Why Your Spark Applications Are Slow or Failing, Part 1: Memory Management
If you're having trouble with your Spark applications, read on to see if these common memory management issues are plaguing your system.
Join the DZone community and get the full member experience.Join For Free
Spark applications are easy to write and easy to understand when everything goes according to plan. However, it becomes very difficult when Spark applications start to slow down or fail. Sometimes a well-tuned application might fail due to a data change, or a data layout change. Sometimes an application which was running well starts behaving badly due to resource starvation. The list goes on and on.
It's not only important to understand a Spark application, but also its underlying runtime components like disk usage, network usage, contention, etc., so that we can make an informed decision when things go bad.
In this series of articles, I aim to capture some of the most common reasons why a Spark application fails or slows down. The first and most common is memory management.
If we were to got all Spark developers to vote, out of memory (OOM) conditions would surely be the number one problem everyone has faced. This comes as no big surprise as Spark’s architecture is memory-centric. Some of the most common causes of OOM are:
- Incorrect usage of Spark
- High concurrency
- Inefficient queries
- Incorrect configuration
To avoid these problems, we need to have a basic understanding of Spark and our data. There are certain things that can be done that will either prevent OOM or rectify an application which failed due to OOM. Spark’s default configuration may or may not be sufficient or accurate for your applications. Sometimes even a well-tuned application may fail due to OOM as the underlying data has changed.

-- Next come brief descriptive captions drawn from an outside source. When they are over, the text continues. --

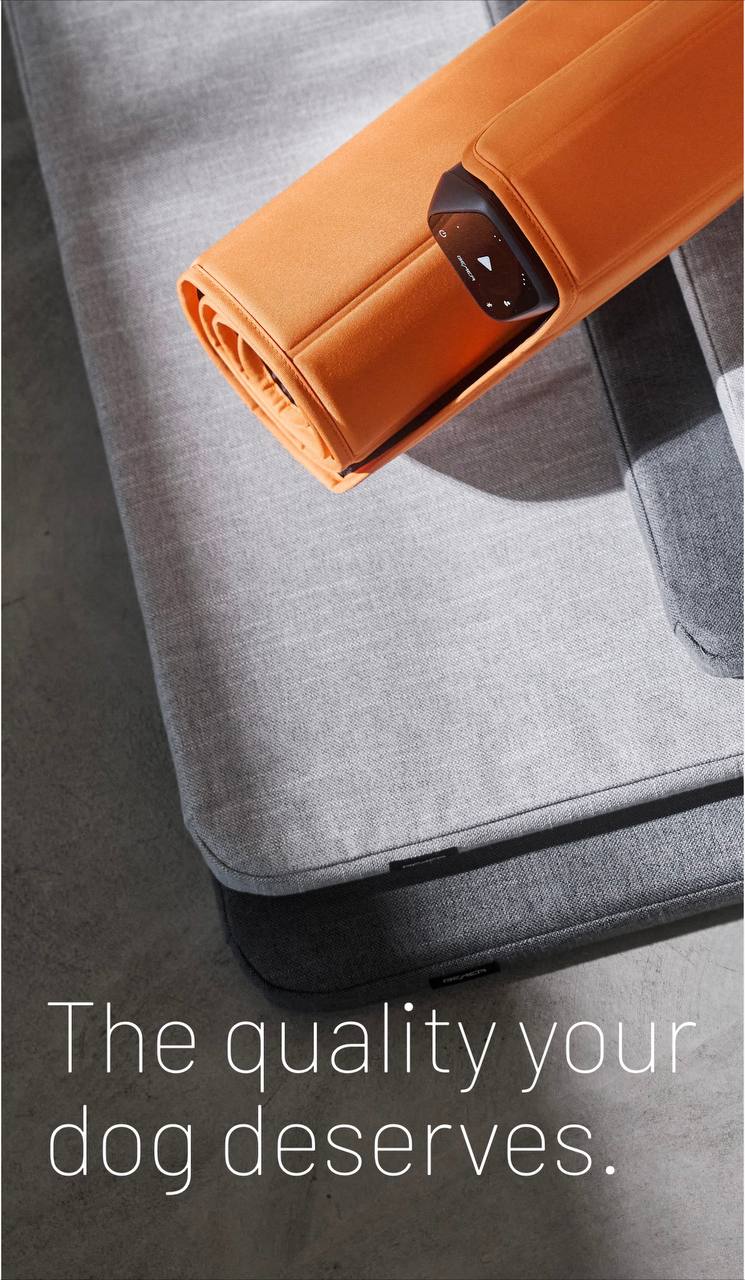 Bemer Hunde Set Dog Set Neuigkeiten!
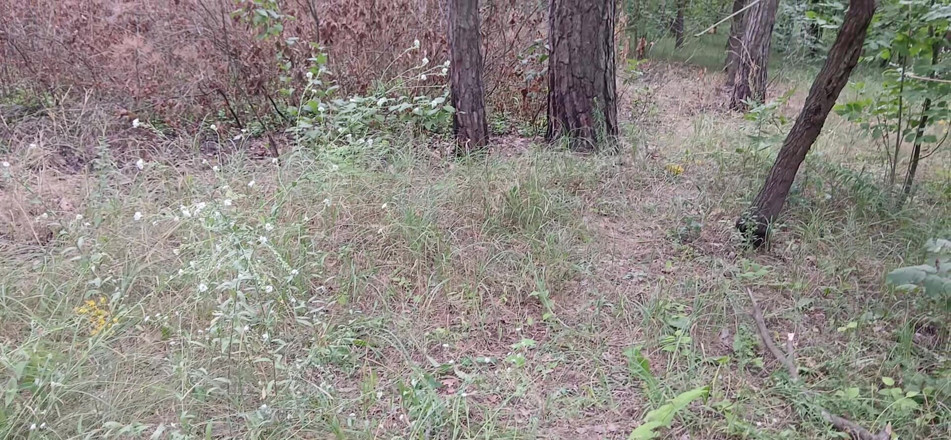 Lesbian-illusion: Nasza trzecia dziewczyna ogląda w parku, więc nikt nas nie...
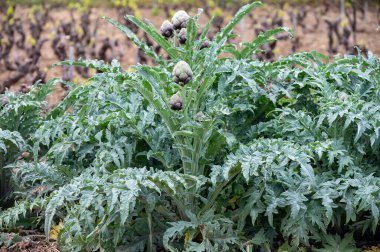Bahçede yetişen enginar, yeşil ve mor çiçekli başlıklar hasat için hazır.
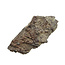 Calate 002 meteorite from Chile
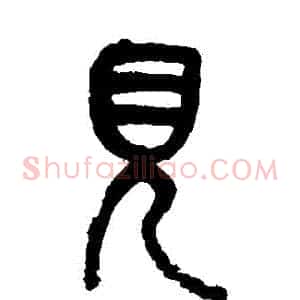 見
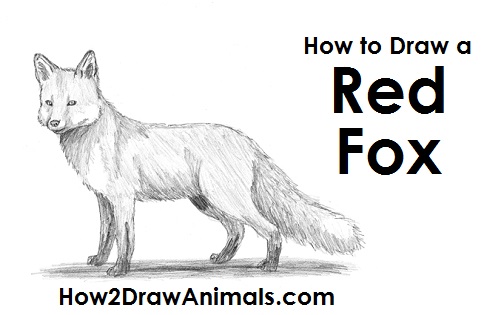 Red Fox Drawing How to Draw a Red Fox Side View
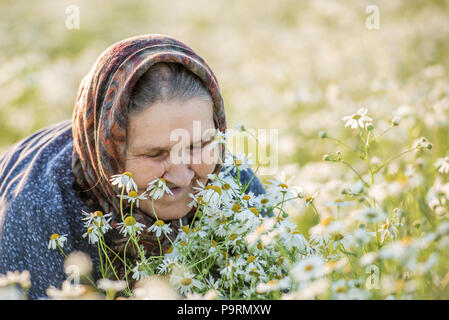 Grandmother, field, chamomile and the concept of outdoor recreation - an old lady in a field with daisies. Summer portrait. Stock Photo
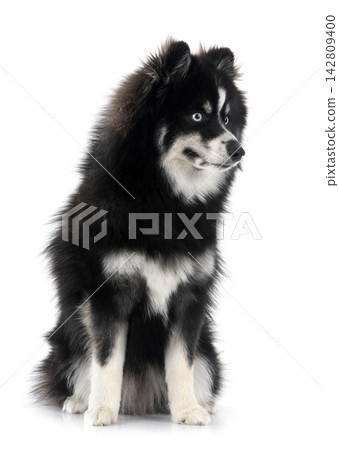 Pomsky in studio Pomsky in studio 142809400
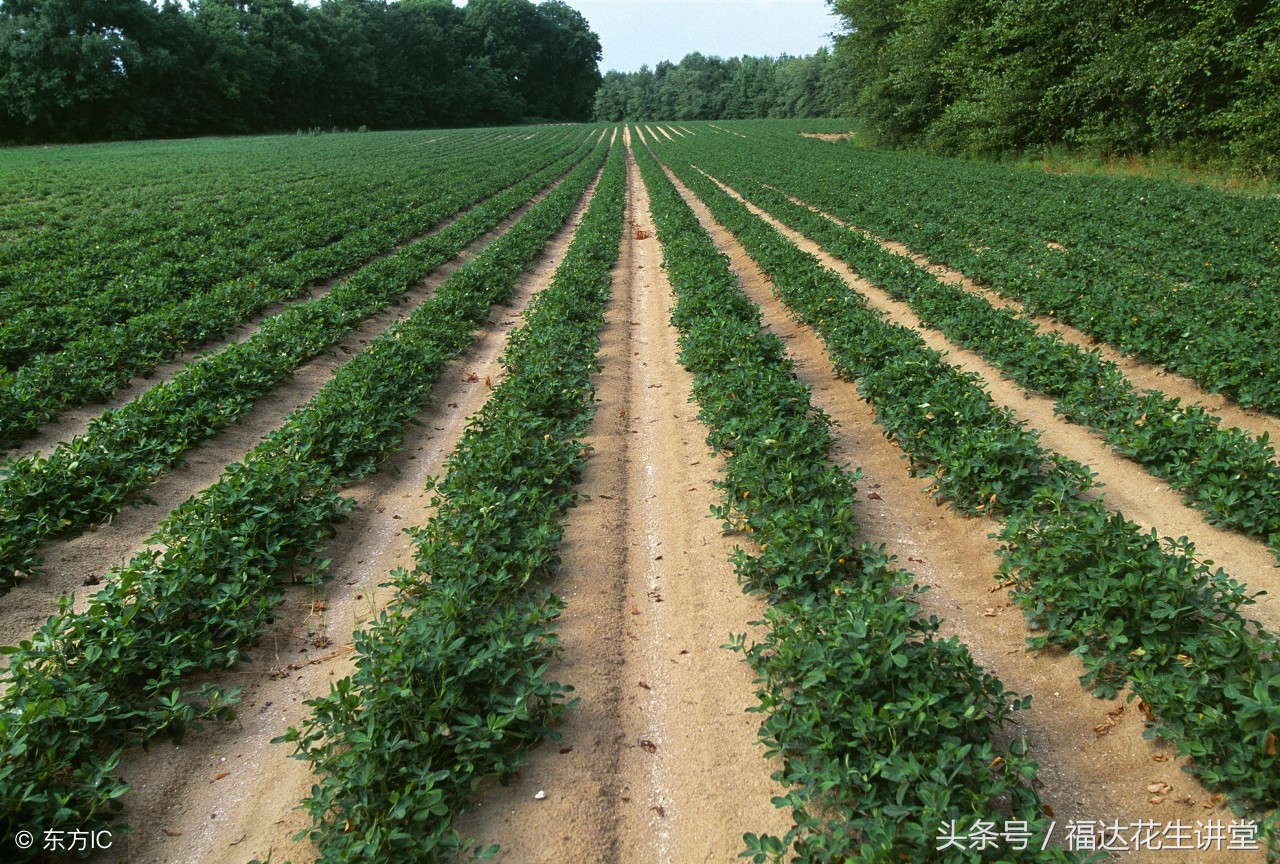 早熟出口大花生品种花育22，特征特点以及产量和栽培要点如何？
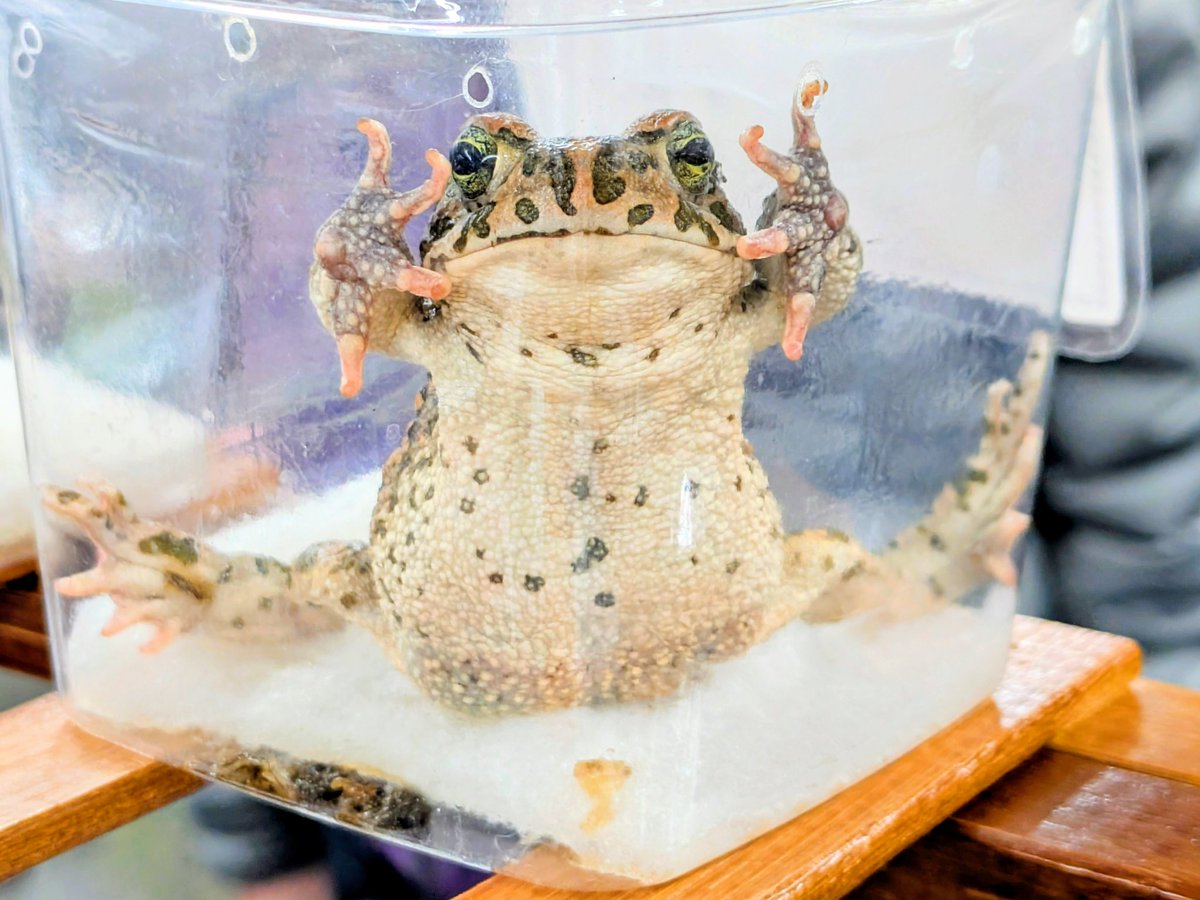 BUG.st(即売会でのリクエスト受付中) tweet media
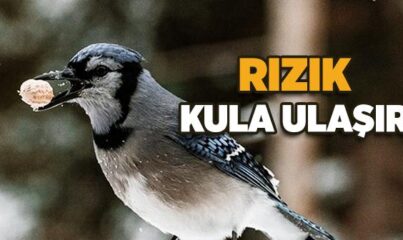 Rızık Kula Ulaşır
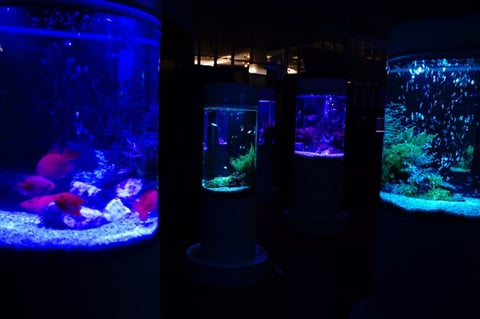 イオンモール木更津に水族館がやってくる&gt;゜))))彡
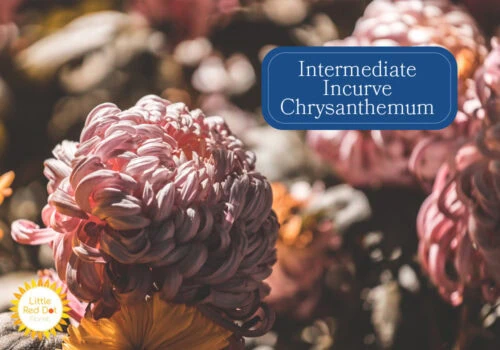 Intermediate Incurve Chrysanthemum Inline 1000 x 700 Intermediate Incurve Chrysanthemum Inline 1000 x 700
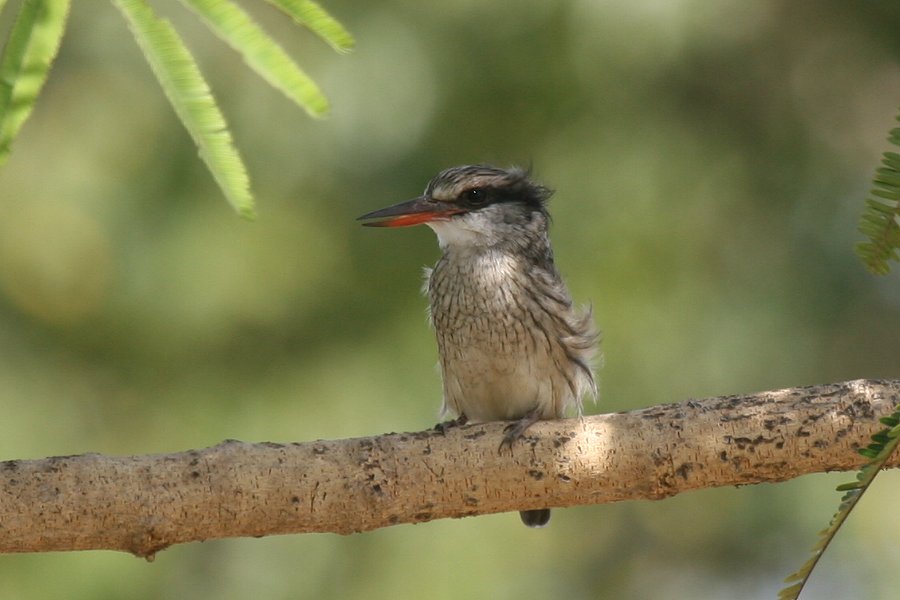 �^�e�t�R�V���E�r��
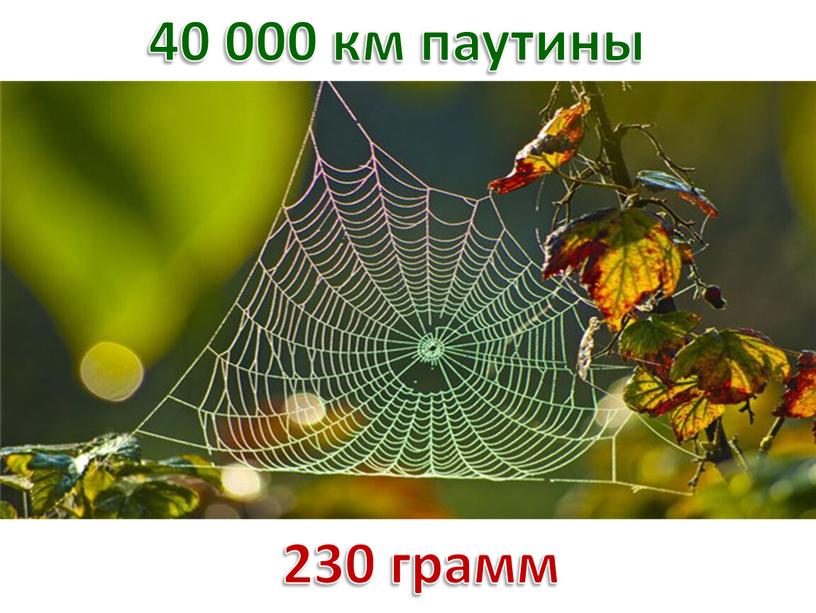 40 000 км паутины 230 грамм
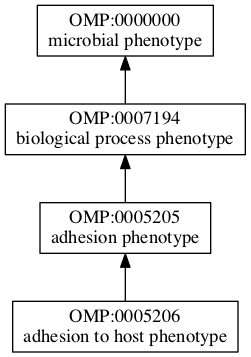 OMP:0005206
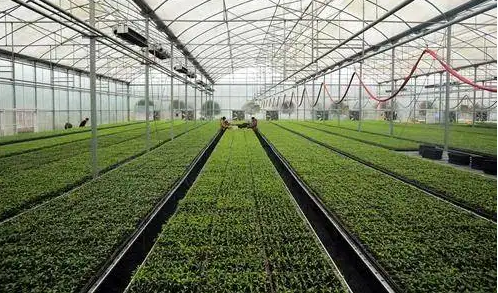 灌南农业重点项目建设如火如荼 累计投入资金30多亿元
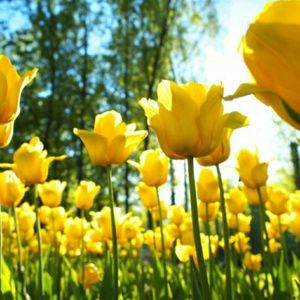 Meet your Posher, Tara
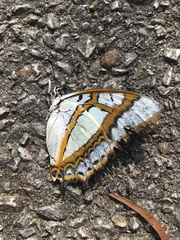 Polyura weismanni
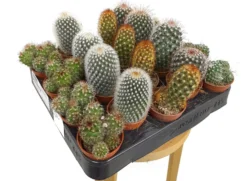 Pack 24 Cactus Variado M5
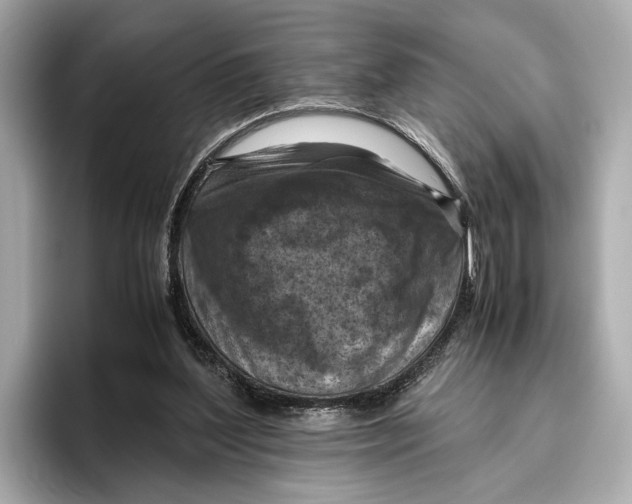 X0000096640204200802261305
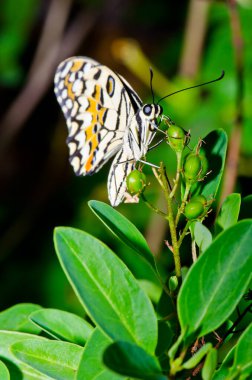 Beautiful butterfly on flower in public park, Thailand.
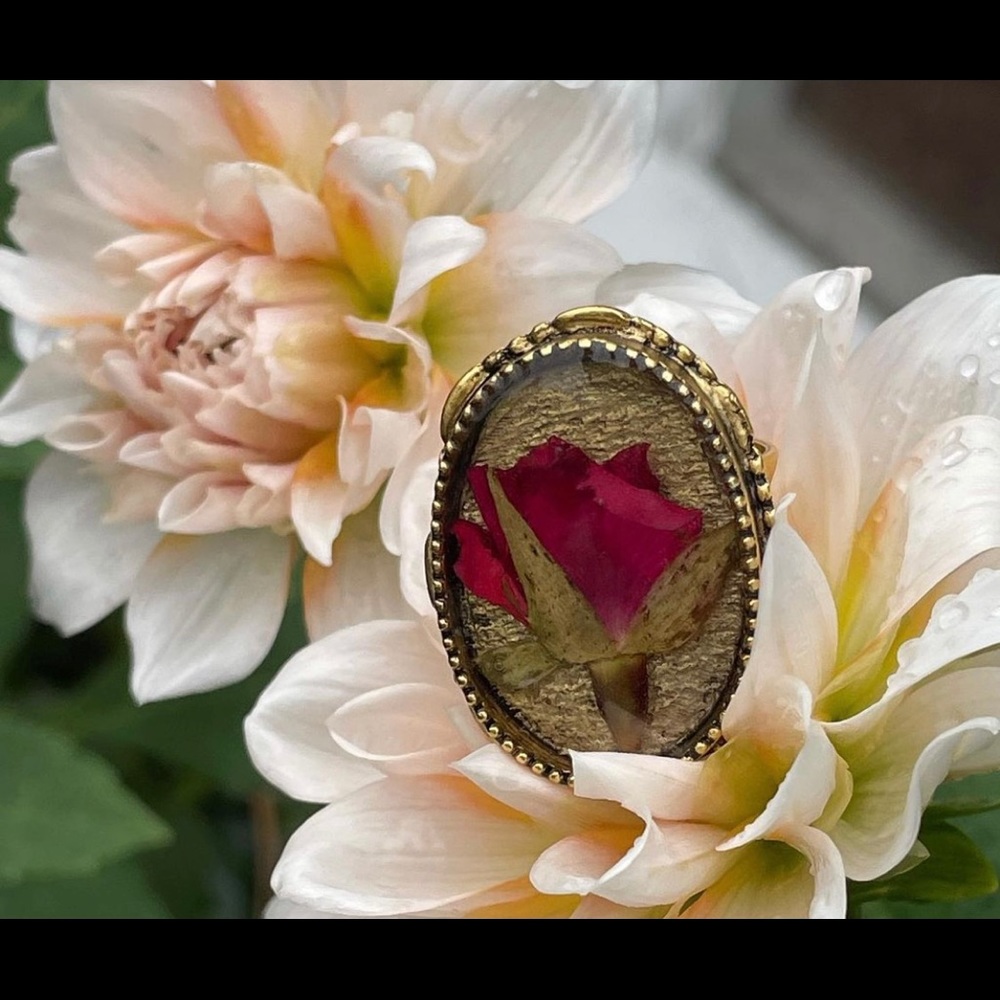 Rose ornate adjustable band ring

Out of memory issues can be observed for the driver node, executor nodes, and sometimes even for the node manager. Let’s take a look at each case.
Out of Memory at the Driver Level
A driver in Spark is the JVM where the application’s main control flow runs. More often than not, the driver fails with an OutOfMemory error due to the incorrect usage of Spark. Spark is an engine to distribute the workload among worker machines. The driver should only be considered as an orchestrator. In typical deployments, a driver is provisioned less memory than executors. Hence, we should be careful about what we are doing on the driver.
Common causes which result in driver OOM are:
- Low driver memory configured as per the application requirements.
- Misconfiguration of
spark.sql.autoBroadcastJoinThreshold. Spark uses this limit to broadcast a relation to all the nodes in case of a join operation. At the very first usage, the whole relation is materialized at the driver node. Sometimes multiple tables are also broadcast as part of the query execution.
Try to write your application in such a way that you can avoid explicit result collection at the driver level. You can very well delegate this task to one of the executors. For example, if you want to save the results to a particular file, either you can collect it at the driver or assign an executor to do that for you.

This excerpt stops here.